North Eastern Hockey League
- North Eastern Hockey League logo
- Sport: Ice hockey
- Founded: 2003
- Folded: 2008
- Country: United States Canada

= North Eastern Hockey League =

Semi-professional ice hockey league

The North Eastern Hockey League was a semi-professional ice hockey league from 2003 until 2008. It was created by entrepreneur Jim Cashman, who served as league president. The NEHL was built to focus on giving players that were not quite ready for the ECHL, United Hockey League, and the Central Hockey League a place to play and develop after their Junior and college careers had finished. In the 2003-04 season, nine total players moved up to the "AA" level and remained there and six of those players came from the York IceCats alone.

==History==
The League started with four franchises, the York IceCats out of York, Pennsylvania, Jamestown Titans out of Jamestown, New York, Mohawk Valley Comets out of Utica, New York, and the Poughkeepsie Panthers out of Poughkeepsie, New York. After very low attendance in the first few games in Poughkeepsie, the team was to be relocated to Connecticut and renamed the Connecticut Cougars but negotiations with an arena broke down and the Cougars finished as a road team for the remainder of the season.

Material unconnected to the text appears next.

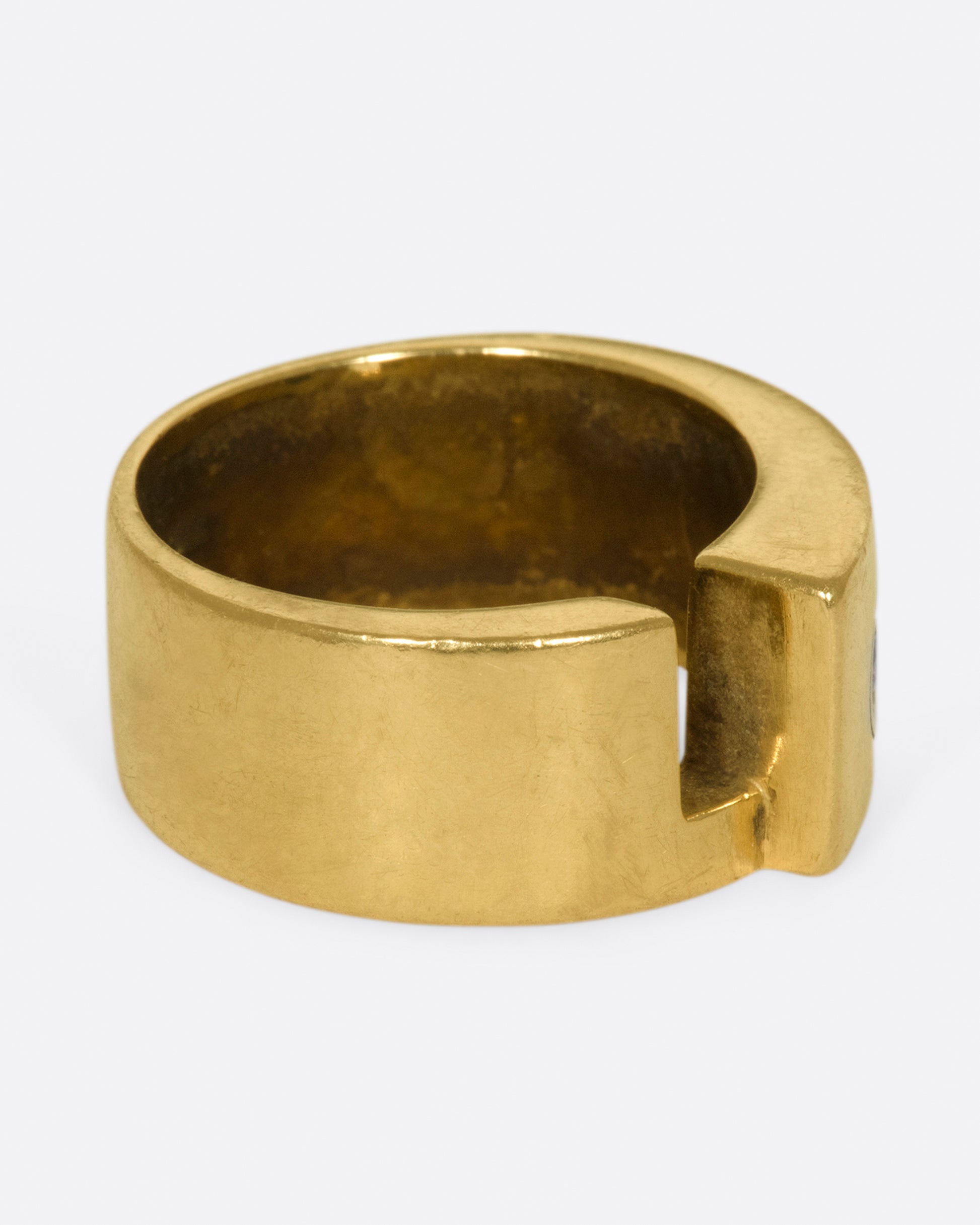 A gold band with a round diamond and rectangular cutout.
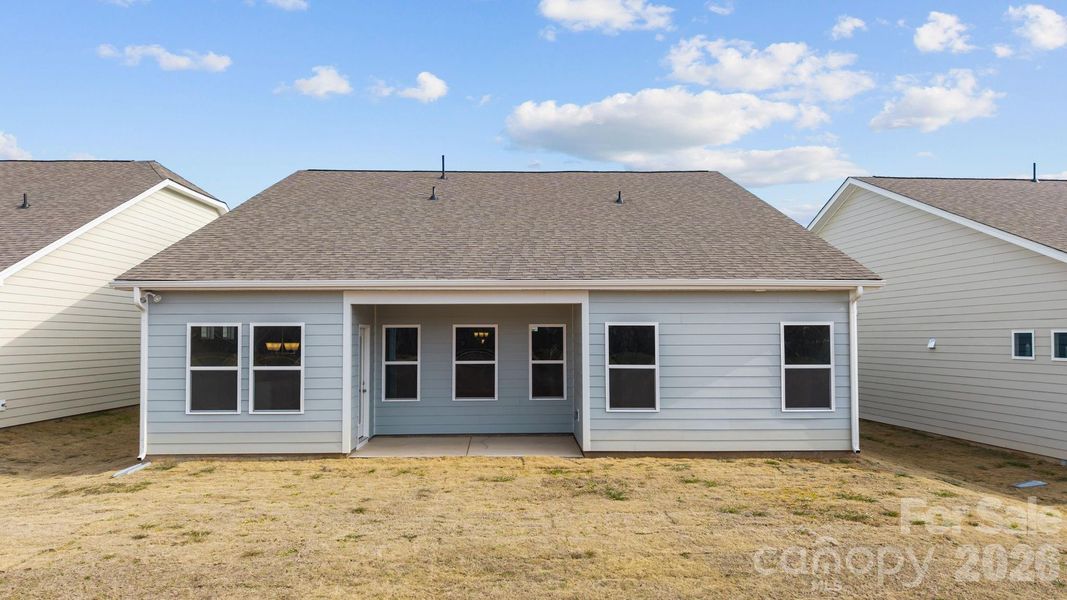 Exterior details and patio area of a home in Cottages at Wingate, Wingate (Image 17). Exterior details and patio area of a home in Cottages at Wingate, Wingate (Image 17).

When concerns of Comets players not being available for the final month of the season due to their summer jobs starting, Coach Brett Boake requested a schedule change and the season was shortened a month. The Comets decided two days before the playoff weekend that they were not going to participate as not enough players were available and they had financial concerns.

With the Comets as the league regular season leaders, they were to get a bye straight to the finals, which was to be played on Sunday. York and Jamestown (the second and third place teams) were to play on the Saturday to see who went on to face the Comets. Once the Comets had informed the league that they would not be playing, the league changed the playoff structure. York and Jamestown would play a two-game series that weekend. If there were a tie after the two games they would play a mini-game lasting twenty minutes.

York won the opening game, 8-5. Jamestown defeated York 9-1 in the second game and then won a 20-minute tiebreaker game 6-1. As league champions, the Titans received the Herb Brooks Memorial Trophy.

The league went dark for the 2004-05 season, then attempted to return in 2005-06 as the Continental Professional Hockey League with teams in Canada and the United States.

The regular 44-game season was supposed to start in early November 2005, was postponed, saw six games played, and was cancelled in mid-December 2005.

In the 2006-2007 season, the New England Stars finished first with a record of 20-0, and cruised in the Championship series beating the Mohawk Valley Icecats 2 games to 0 (8-5 and 9-2) to capture the 2006-2007 NEHL Crown.

The league announced on January 23, 2008 that it was suspending operations for the remainder of the 2007-08 season.

===Teams===
- 2003–2004
- Jamestown Titans
- Mohawk Valley Comets (resurrected as the Copper City Chiefs 2007-08)
- Poughkeepsie Panthers (later known as the Connecticut Cougars)
- York IceCats (relocated to St. Catharines, ON for 05-06)

- 2005–2006
(teams only played six games until the league suspended operations for a season)
- Philadelphia Comets (travel team)
- Pittsburgh Pounders (became Danville Pounders for 06-07)
- St. Catharines IceCats
- Sault Ste. Marie Stampede

- 2006–2007
- Danville Pounders (relocated to Detroit/Brighton, Michigan for 2007–2008)
- Findlay Freedom (Findlay, Ohio)
- Mohawk Valley IceCats (relocated to Simcoe, ON for 2007–2008)
- New England Stars (Danbury, Connecticut)

- 2007–08
- Copper City Chiefs (Rome, New York)
- Findlay Freedom
- Kensington Valley Pounders (Brighton, Michigan)
- Norfolk IceCats (Simcoe, Ontario)

==Previous NEHL==
A previous league was also known as the Northeastern Hockey League during the 1978-79 season. This league renamed itself the Eastern Hockey League for the 1979-80 season.